Ho sempre trovato che lo sport, e più precisamente le arti marziali, diano una forte sicurezza e fiducia in sé stessi. Trovare il proprio “perché” sportivo è una soddisfazione che poche cose possono dare. Trovare la propria pratica sportiva non rappresenta solo uno sfogo, un aiuto a vivere la quotidianità in un tentato stato di quiete, ma è soprattutto una ricerca continua di automiglioramento, tecnico e personale.
Meritare una nuova cintura in un'arte marziale, riuscire a giocare un'intera partita dello sport che si pratica, sentirsi parte di una squadra o essere considerati fondamentali o insostituibili sono tutte ancore di forza che non danno solo coraggio e confidenza per la vita di tutti i giorni, ma ci aiutano a esplorare, vivere e affrontare le più diverse situazioni in cui potremmo trovarci. Con tanti sport, per me la giocoleria non è stata la prima scelta e, anzi, non era proprio in lista. Mi sono avvicinato ai Nunchaku all'età di 17 anni e da lì, dopo qualche tira e molla, in un paio d'anni ho iniziato a praticarlo assiduamente. Piano piano, ho adorato la forma tecnica che un'arte marziale può insegnarti in relazione a quella che è considerata un'arma, ma che per me rappresenta qualcos'altro.
Il Nunchaku e altre "armi" hanno, purtroppo, questa accezione perché è l'unico uso che se n'è fatto per anni, mentre il mio scopo è quello di unire e portare l'arte marziale nella giocoleria e viceversa.
Ho provato a farlo in varie occasioni e nel 2018/2019 ho partecipato al mio primo torneo di Nunchaku, una competizione che vedeva partecipanti da varie nazioni del mondo e che mi ha permesso di confrontarmi con persone che per me erano leggende in questo campo. Alcuni dei migliori praticanti avevano il loro nome vicino al mio e questo, oltre che fonte di orgoglio, era per me anche un grande stimolo a dare il meglio.

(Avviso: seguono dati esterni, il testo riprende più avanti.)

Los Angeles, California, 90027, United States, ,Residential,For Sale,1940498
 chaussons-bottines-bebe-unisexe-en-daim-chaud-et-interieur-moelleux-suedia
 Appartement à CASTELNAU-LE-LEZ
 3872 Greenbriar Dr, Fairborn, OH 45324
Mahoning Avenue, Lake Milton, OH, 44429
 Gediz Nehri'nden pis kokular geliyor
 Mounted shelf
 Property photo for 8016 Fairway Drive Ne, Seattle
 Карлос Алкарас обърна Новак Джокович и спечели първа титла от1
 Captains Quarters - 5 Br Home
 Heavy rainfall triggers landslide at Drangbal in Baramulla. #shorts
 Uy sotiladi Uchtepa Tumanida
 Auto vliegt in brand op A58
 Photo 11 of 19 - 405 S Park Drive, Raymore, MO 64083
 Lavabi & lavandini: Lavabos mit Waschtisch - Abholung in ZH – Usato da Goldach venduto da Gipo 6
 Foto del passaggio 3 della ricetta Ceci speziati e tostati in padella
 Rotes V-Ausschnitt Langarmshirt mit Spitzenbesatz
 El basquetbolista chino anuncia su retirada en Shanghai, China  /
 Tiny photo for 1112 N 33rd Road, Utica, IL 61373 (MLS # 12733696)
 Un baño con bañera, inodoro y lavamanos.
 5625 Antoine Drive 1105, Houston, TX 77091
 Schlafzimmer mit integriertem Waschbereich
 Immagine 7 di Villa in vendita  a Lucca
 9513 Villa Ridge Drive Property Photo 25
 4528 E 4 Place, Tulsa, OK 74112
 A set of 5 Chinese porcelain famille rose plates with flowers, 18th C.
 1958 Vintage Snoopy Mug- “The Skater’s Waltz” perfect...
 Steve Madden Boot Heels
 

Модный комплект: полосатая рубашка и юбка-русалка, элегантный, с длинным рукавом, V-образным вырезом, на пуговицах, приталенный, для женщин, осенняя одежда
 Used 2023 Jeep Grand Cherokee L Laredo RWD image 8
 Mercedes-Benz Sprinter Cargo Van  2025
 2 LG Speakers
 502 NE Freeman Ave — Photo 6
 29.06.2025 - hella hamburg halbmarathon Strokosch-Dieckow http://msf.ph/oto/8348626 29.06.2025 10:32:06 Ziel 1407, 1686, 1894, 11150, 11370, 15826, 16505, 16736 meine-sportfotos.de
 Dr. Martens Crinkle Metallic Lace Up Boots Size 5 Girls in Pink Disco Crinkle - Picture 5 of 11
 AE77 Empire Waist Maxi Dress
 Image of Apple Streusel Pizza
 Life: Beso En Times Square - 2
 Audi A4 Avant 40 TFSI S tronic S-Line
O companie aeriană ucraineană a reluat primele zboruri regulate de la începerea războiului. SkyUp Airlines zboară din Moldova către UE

Quell'anno i partecipanti erano poco oltre i 200 e, dopo un anno di impegno, sono arrivato in finale, al 7° posto a pari merito con il 6°. È difficile dimenticarlo, anche perché quel risultato non mi ha deluso. Come dicevo, alcuni dei nomi più importanti erano vicino al mio e questo mi ha obbligato a continuare e pretendere di più. Infatti, io credo che solo chi si ferma perde realmente. L'anno dopo ecco una nuova occasione. Questa volta poco meno di 400 partecipanti, persone che provenivano dalle esperienze più disparate: chi veniva dalla giocoleria, chi dall'arte marziale e chi, semplicemente, partecipava perché era attratto dal fascino di quest'arte.
Arrivare in finale non è stata la cosa più difficile, ma è stato molto impegnativo unire il percorso di formazione professionale che stavo seguendo all'Istituto Cavazza agli allenamenti. Ho praticato trovando il mio spazio tra una lezione e l’altra, negli orari più stretti e, spesso, nei momenti più freddi di quel lungo autunno e inverno. Ore su ore in cerca della sequenza che mi dava soddisfazione e, alla fine, tentativo dopo tentativo, ho raggiunto il mio obiettivo. Ho vinto il torneo con tanta fatica e passione, un risultato che ancora oggi mi lascia quella forte soddisfazione di aver fatto qualcosa che mi ha reso fiero di me. Non ho parlato mai a nessuno della mia disabilità prima di vincere, non volevo che qualcuno potesse avere favoritismi o che la mia vittoria potesse essere sminuita da qualche avversario. E così, sono rimasto in silenzio fino alla fine.
Condivido questa esperienza per incoraggiare chi ha una passione a seguirla, coltivarla e farla crescere, a prescindere da quali difficoltà fisiche possa avere. Alcune cose sembrano impossibili se non vengono "viste" da angolazioni diverse e, quando finalmente ci si riesce, il proprio percorso sembra più chiaro e i passi più sicuri.